• _EXCERPTED RECORDS_:
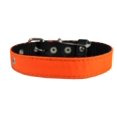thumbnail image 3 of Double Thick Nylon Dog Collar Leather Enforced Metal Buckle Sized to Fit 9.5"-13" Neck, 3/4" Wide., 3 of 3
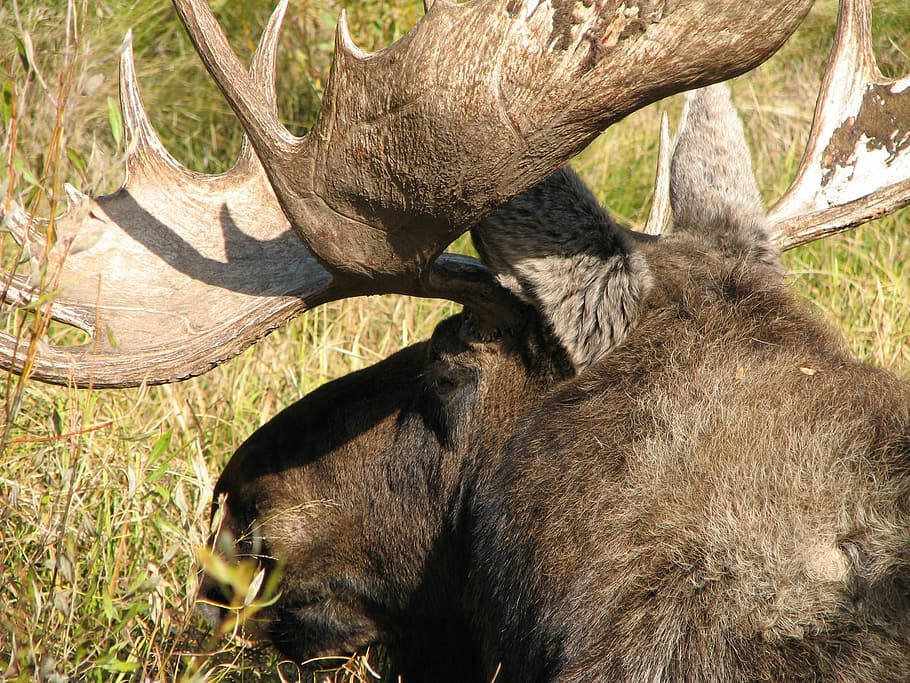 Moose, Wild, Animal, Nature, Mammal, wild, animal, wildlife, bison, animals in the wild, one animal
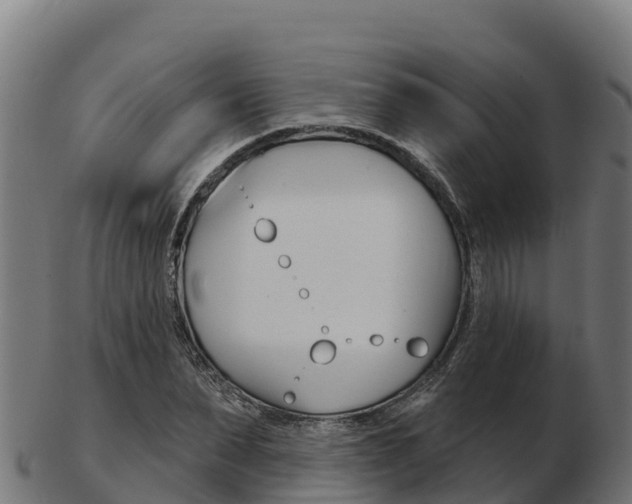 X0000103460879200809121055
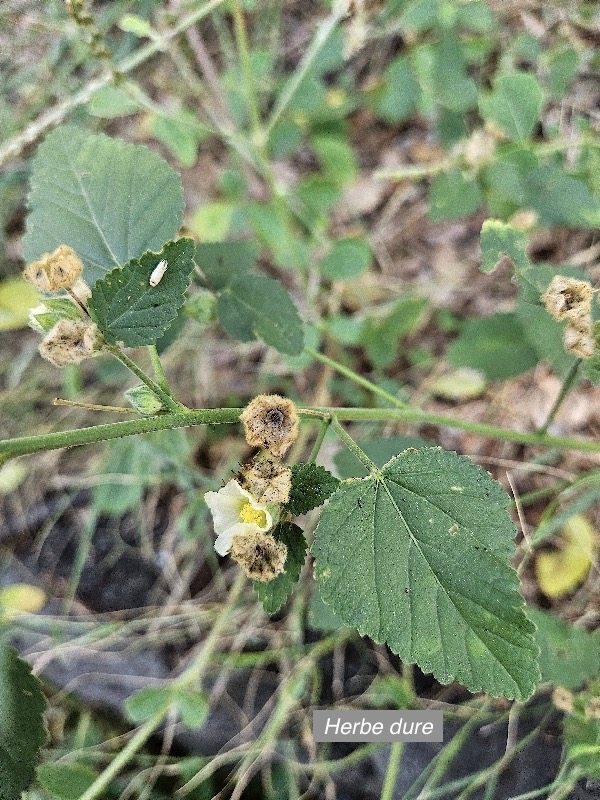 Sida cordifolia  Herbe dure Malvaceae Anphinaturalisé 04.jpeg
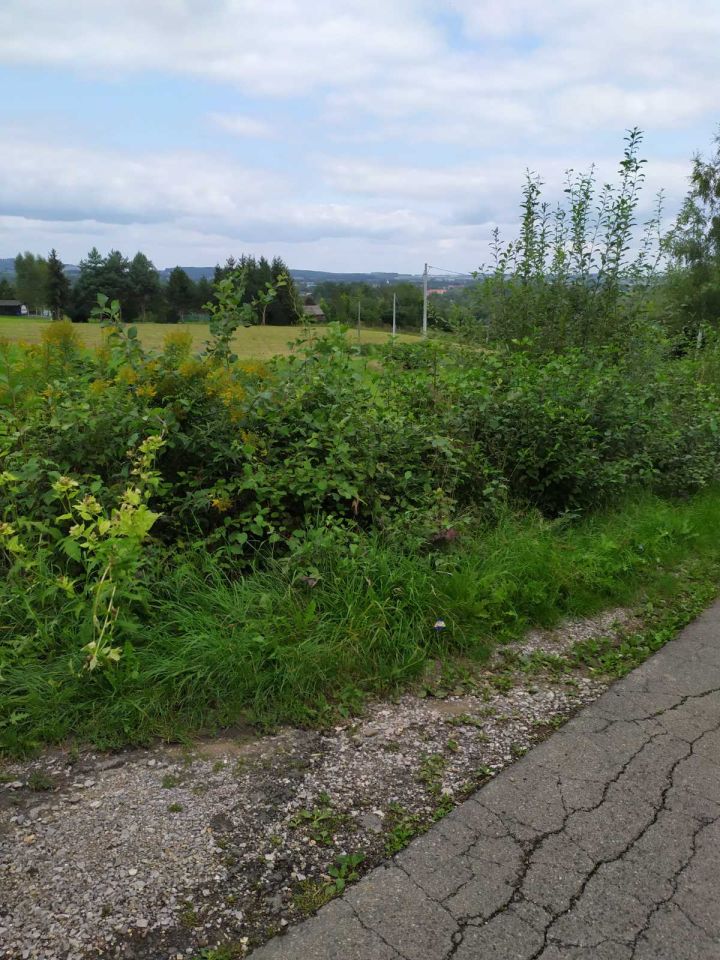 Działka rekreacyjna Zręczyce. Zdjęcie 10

• _DIRECTIONS_: Apart from its pictures, the data is to be repeated exactly.

• _ANSWER TO THE PROBLEM_:
thumbnail image 3 of Double Thick Nylon Dog Collar Leather Enforced Metal Buckle Sized to Fit 9.5"-13" Neck, 3/4" Wide., 3 of 3
 Moose, Wild, Animal, Nature, Mammal, wild, animal, wildlife, bison, animals in the wild, one animal
 X0000103460879200809121055
 Sida cordifolia  Herbe dure Malvaceae Anphinaturalisé 04.jpeg
 Działka rekreacyjna Zręczyce. Zdjęcie 10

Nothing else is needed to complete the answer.